Thursday, July 26, 2012

Italian Mama

I was just posting to my cousin Antonio's Facebook wall, and thinking about family and connections and celebrations.  Tonio's mother is my "Aunt Anne" who is really my mom's cousin, so we're second cousins but being Italian, we just say "cousins".  In our family, you wouldn't get introduced as, say "this is my mother's cousin's stepdaughter" which is who one of my "cousins" actually is!  When you're in, you're in.

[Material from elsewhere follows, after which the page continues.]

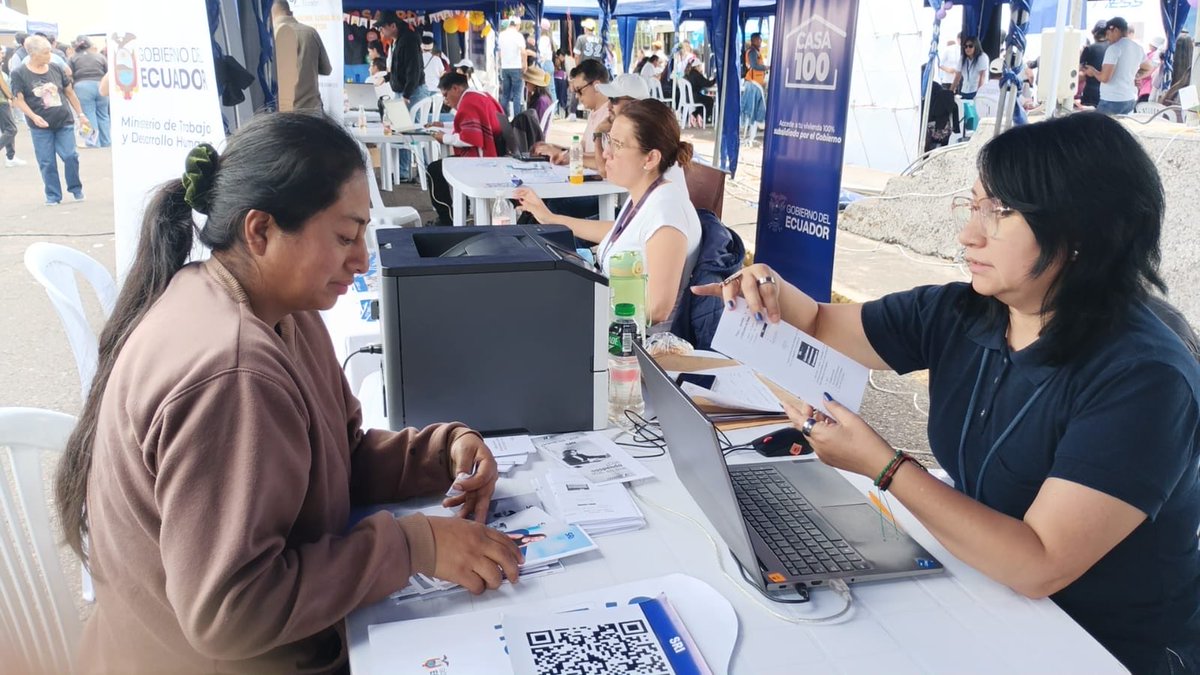 Vero_Velasco_S's tweet photo. Con la #BrigadaMóvilSRI cerramos hoy dos jornadas de atención en el Centro de Rehabilitación Integral Especializado Conocoto No. 1, con información y trámites de RUC, claves y consultas tributarias para los vecinos del sector. https://t.co/f2dIKtKzlL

It's funny, I'm only 1/4 Italian, which thins down to only 1/8 in Lauren's blood, but if you ask her what her cultural background is, she 'll proudly say "I'm Italian!" because it's the most fun part.   It's the side that throws big elaborate meals with her favorite cheeses and pestos and lots of laughter and grown-ups drinking wine and talking in big boisterous voices with lots of hand gestures.


Lauren's Nonna's Nonna came from Italy.  The family recipes we make the most are from that side.  My great-grandparents came here over 100 years ago but they're the most recent immigrants in our lineage.  We still have cousins that live in Parma,  we visit and correspond with them.  There is a town named after the family (or the family was named after the town, we're not sure!)  I've been there twice and I've been welcomed into their home both times.  Lauren longs to "go back".  (She was there in utero.)

We have food words we use from Parmigiana (the dialect my great-grandparents spoke).  We say "boo fa" which means to blow on something when it's too hot, and "poo cha" which means to dip the bread in the olive oil.  We have a song in Parmigiana that my grandmother used to rub my eyes and sing to me, about the rain.  I've never seen any of this written down.  I don't know how to spell the words.  Our traditional foods for the holidays are (to me) much more interesting than "American" fare.  Lasagna at Easter, not ham.  About 10 different kinds of antipasti.  And all of those desserts, would make my mouth water just to type about!

If you have an Italian mama, you never go hungry.  Italian mamas love to see chubby little babies and love to kiss cheeks.  I've got a lot of (especially male) grown up cousins who still live at home.  Or bring piles of laundry to their mamas on weekends.

I never thought I would turn into one, but now when I look at those little chubby cheeks and KISS them and KISS them, I think  "Lauren, William, you can still live with me when you're thirty, that's just fine!  Mangia!"